Die Mehrwertsteuer wird auch als MwSt abgekürzt. In Deutschland ist sie – neben der Einkommensteuer – eine der wichtigsten Einnahmequellen des Staats. Sie wird auf den Mehrwert eines Produkts oder einer Dienstleistung erhoben und besteuert somit die Wertschöpfung.
Der Mehrwert ist der zusätzlich geschaffene Wert innerhalb eines Produktionsprozesses.
Es handelt sich bei der Mehrwertsteuer um eine indirekte Steuer. Zahlungsverpflichteter (Steuerschuldner) und wirtschaftlich Belasteter sind nämlich nicht dieselbe Person.
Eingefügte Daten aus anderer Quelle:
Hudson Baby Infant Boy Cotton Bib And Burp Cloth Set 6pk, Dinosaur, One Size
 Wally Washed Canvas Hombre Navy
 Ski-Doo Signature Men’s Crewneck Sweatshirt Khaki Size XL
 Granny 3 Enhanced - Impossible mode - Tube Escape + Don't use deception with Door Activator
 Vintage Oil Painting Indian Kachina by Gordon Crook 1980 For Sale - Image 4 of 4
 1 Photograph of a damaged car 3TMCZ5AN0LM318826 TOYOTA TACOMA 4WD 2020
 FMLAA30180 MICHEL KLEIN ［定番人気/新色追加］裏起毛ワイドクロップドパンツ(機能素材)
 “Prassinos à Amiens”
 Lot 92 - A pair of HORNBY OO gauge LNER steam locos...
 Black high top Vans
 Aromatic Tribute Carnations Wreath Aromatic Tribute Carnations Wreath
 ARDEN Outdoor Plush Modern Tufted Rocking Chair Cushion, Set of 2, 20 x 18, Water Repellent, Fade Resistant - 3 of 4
Während Unternehmen die Mehrwertsteuer erheben und an das Finanzamt abführen, trägt sie letztendlich die Konsumentin oder der Konsument. Für Unternehmer ist die Mehrwertsteuer lediglich ein durchlaufender Posten.
Was ist der Unterschied zwischen Umsatzsteuer und Mehrwertsteuer?
Viele Menschen verwenden die Begriffe „Umsatzsteuer“ und „Mehrwertsteuer“ hierzulande synonym. Steuerrechtlich korrekt ist eigentlich nur der Begriff „Umsatzsteuer“. Im allgemeinen Sprachgebrauch wird allerdings meist von der Mehrwertsteuer gesprochen.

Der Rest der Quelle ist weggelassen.